In May 2025, one of the world’s leading sportswear companies, Adidas, revealed two significant customer data breaches in Korea and Turkey. Disclosed on or about May 16, 2025, the data breaches created an uproar concerning customer data protection, considering that they were third-party customer support service providers involved. The data breaches exposed sensitive customer data, raising the threat of phishing and identity theft. The report is an in-depth analysis of the data breaches, Adidas’ response, their implications on customers, and what to do for impacted customers. The data is up to date as of reports from reputable sources up to May 20, 2025.
Adidas Korea Data Breach
Adidas Korea on May 16, 2025, disclosed that consumers using its customer service center in 2024 or earlier were impacted by data disclosure. Data leakage happened through third-party customer service providers, and customer information was accessed unauthorized. The data that was disclosed:
- Customer names
- Email addresses
- Phone numbers
- Birthdates
- Addresses
Adidas confirmed no payment information, passwords, or financial data was affected. Adidas notified directly every affected Korean customer, and local authorities were informed of the attack. The data privacy regulator in South Korea launched an investigation into data protection procedures at Adidas Korea, which could lead to regulation MLex – Adidas Faces Review.
Adidas Turkey Data Breach
Days following the Korean case, Adidas Türkiye also learned of an additional customer data leak of customers that had previously reached out to its customer service team. The exposed data includes:
- Full names
- Email addresses
- Phone numbers
- Dates of birth
- Gender
Similar to the Korean breach, no financial information or credit card data was compromised. Adidas Türkiye has taken immediate steps to enhance its security systems and is collaborating with cybersecurity experts to investigate the breach. The company has also advised customers to be cautious of phishing attempts and suspicious communications Hurriyet Daily News – Adidas Türkiye Data Breach.

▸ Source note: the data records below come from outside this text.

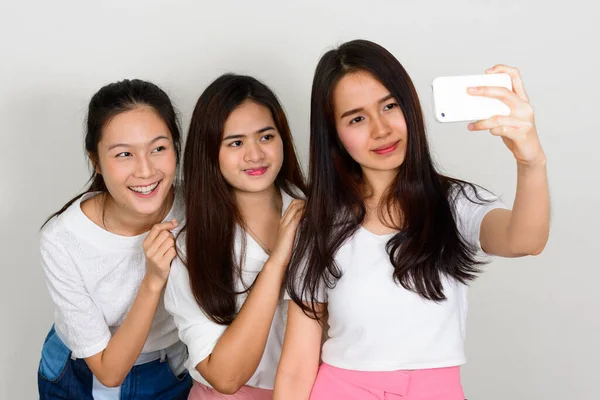 Studio Shot Three Young Beautiful Asian Women Friends Together White — 스톡 사진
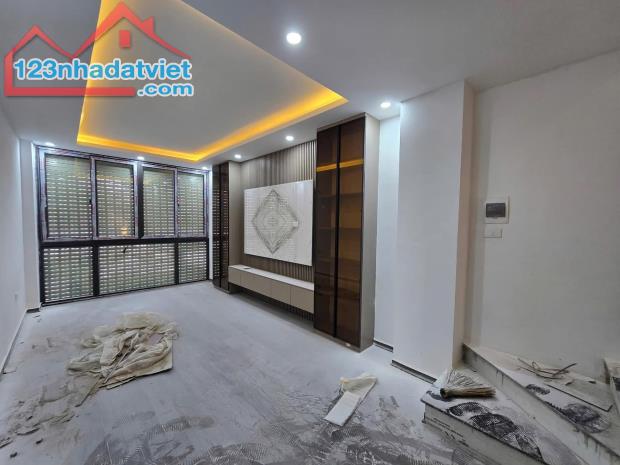 BÁN NHÀ LẠC LONG QUÂN - CẦU GIẤY | 35M² - 6 TẦNG - THANG MÁY - FULL NỘI THẤT - 2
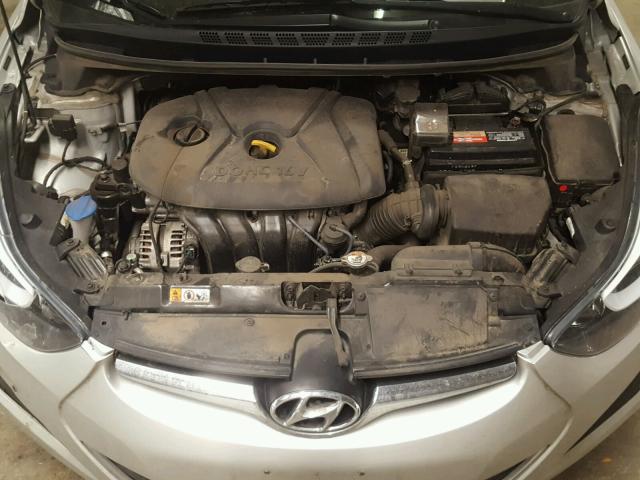 5NPDH4AE4GH699982 - 2016 HYUNDAI ELANTRA SE SILVER photo 7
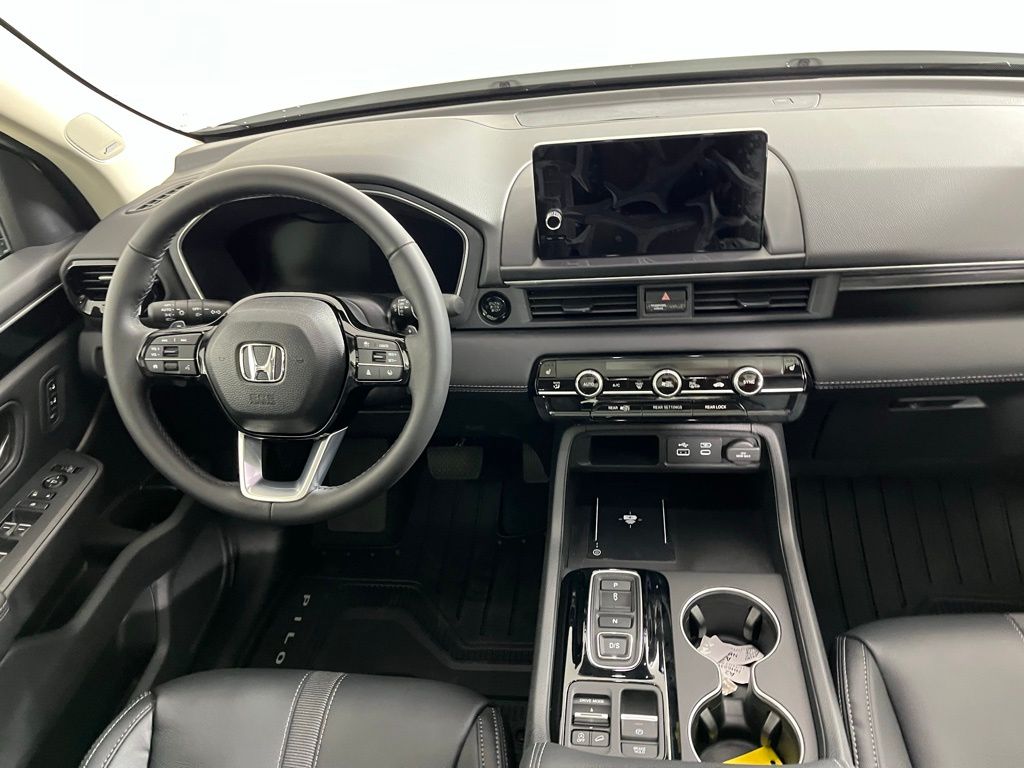 Thumbnail: 2025 Honda Pilot - 15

| Details | Adidas Korea Breach | Adidas Turkey Breach |
|---|---|---|
| Date of Disclosure | May 16, 2025 | May 2025 (exact date unspecified) |
| Affected Customers | Contacted customer service in 2024 or earlier | Contacted customer service previously |
| Compromised Data | Names, emails, phone numbers, birthdates, addresses | Names, emails, phone numbers, birthdates, gender |
| Unaffected Data | Financial information, passwords | Financial information, credit card data, passwords |
| Source of Breach | Third-party customer service provider | Third-party customer service provider |
| Company Actions | Notified customers, reported to authorities, enhanced security | Enhanced security, working with experts, customer advisories |
Adidas’ Response
Adidas took the following actions to address these transgressions within both marketplaces:
- Customer Notification: Adidas Korea and Türkiye informed affected customers of the breaches while keeping them transparent.
- Cooperation with Experts: The company is working together with information security experts to investigate the breaches and protect its systems.
- Regulatory Reporting: Adidas Korea informed Korean authorities of the data leak, and an investigation is currently being conducted by the privacy regulator.
- Increased Security: Adidas Korea and Türkiye also adopted additional measures of security to prevent such instances in the future.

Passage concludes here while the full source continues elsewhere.